Perfect the art of psychometric tests

Posted October 13, 2011, by Helen Isbister

Thanks to your carefully polished resume and cover letter, you’ve been shortlisted for that dream job. Now it’s time to jump another hurdle on the path to your new role.

Psychometric tests are on the rise, with more than 70 per cent of large Australian firms now using the assessments in the preliminary weeding-out process. So it’s in your best career interests to understand how they work and what you can do to blitz them.

The good news is you don’t need to get freaked out by the terminology. Despite its connotations, psychometric doesn’t mean you will be lying on a couch being poked and prodded by a stern-looking psychologist. They’re not there to unlock your deepest, darkest secrets and release the skeletons from your closet; they just want to know if you are the right fit for the job on offer.

The bad news is there isn’t much you can do to ace a psychometric test – you either have what they are looking for or you don’t. That said, there are a number of things you can do to put yourself in peak performance condition.

Understanding the tests

The nature of psychometric tests can vary, but basically they come in two different streams. Firstly, you will be screened for things such as numeracy, literacy, abstract reasoning and information checking. The results of these aptitude tests will verify whether you are intellectually capable of doing the job.

Then there’s the personality test. This will aim to find out whether you are the right fit for the company and assess factors such as honesty, sociability and conscientiousness. It will give the potential employer an insight into how you might cope with stress, whether you are a team player or an independent worker, if you have problem-solving abilities, and whether or not you are ambitious.

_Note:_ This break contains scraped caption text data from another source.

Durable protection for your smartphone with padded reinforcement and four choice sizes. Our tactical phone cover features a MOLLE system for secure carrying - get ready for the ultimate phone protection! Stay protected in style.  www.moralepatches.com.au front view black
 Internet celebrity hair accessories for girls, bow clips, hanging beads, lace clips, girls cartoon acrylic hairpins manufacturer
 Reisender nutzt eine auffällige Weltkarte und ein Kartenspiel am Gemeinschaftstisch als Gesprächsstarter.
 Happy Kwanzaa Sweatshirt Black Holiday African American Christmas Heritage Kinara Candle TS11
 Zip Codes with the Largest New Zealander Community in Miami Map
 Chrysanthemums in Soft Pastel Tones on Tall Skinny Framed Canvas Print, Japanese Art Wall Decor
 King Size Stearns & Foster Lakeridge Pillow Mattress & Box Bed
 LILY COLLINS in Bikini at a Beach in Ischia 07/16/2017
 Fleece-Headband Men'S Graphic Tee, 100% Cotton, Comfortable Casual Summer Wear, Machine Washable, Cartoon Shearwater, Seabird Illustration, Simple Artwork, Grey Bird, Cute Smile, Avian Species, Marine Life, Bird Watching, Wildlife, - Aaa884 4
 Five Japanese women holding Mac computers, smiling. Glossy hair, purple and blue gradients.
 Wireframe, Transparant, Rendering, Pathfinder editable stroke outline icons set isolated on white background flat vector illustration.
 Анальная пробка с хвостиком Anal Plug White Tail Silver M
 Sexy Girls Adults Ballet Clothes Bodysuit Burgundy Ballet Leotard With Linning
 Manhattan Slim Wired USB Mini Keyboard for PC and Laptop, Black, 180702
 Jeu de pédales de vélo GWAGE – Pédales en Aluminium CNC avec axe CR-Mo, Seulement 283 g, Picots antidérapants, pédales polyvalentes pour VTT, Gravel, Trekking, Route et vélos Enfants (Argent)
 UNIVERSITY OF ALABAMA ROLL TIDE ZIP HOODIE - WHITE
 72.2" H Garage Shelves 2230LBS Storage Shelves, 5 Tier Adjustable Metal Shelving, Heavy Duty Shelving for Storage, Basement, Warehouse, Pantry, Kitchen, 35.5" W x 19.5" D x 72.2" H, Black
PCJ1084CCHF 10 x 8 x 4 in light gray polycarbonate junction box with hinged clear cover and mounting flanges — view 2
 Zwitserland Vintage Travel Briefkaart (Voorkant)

While the test isn’t the be-all and end-all of whether you are offered a position, combined with more traditional employment criteria it will allow the employer to delve beneath the surface and get a more complete picture of who you are.

Be aware that the timing of the tests may differ from company to company; some give the test to applicants before the interview stages and others give a more in-depth test to help decide between several interviewees.

Preparing for the tests

While you can’t study the exact content of aptitude or psychometric tests, there are measures you can take to prepare for the big day. Learn as much as you can about the test session beforehand – structure and content, how long it will last, and whether you’re allowed to use a calculator – so you know what to expect when you’re in the hot seat. Many organisations and career services provide sample questionnaires, so try to get hold of some of these so you can familiarise yourself with the layout and practise pacing yourself.


While practice can’t make perfect for psychometric testing, it will pay off if you can approach it with confidence. Work on improving your logic and reasoning skills by solving word games, brainteasers, crosswords and sudoku puzzles. Practise your mathematical skills, get reading and look up words you don’t understand. Giving your mind regular mental workouts like this will also help you to think more quickly when you’re up against the clock.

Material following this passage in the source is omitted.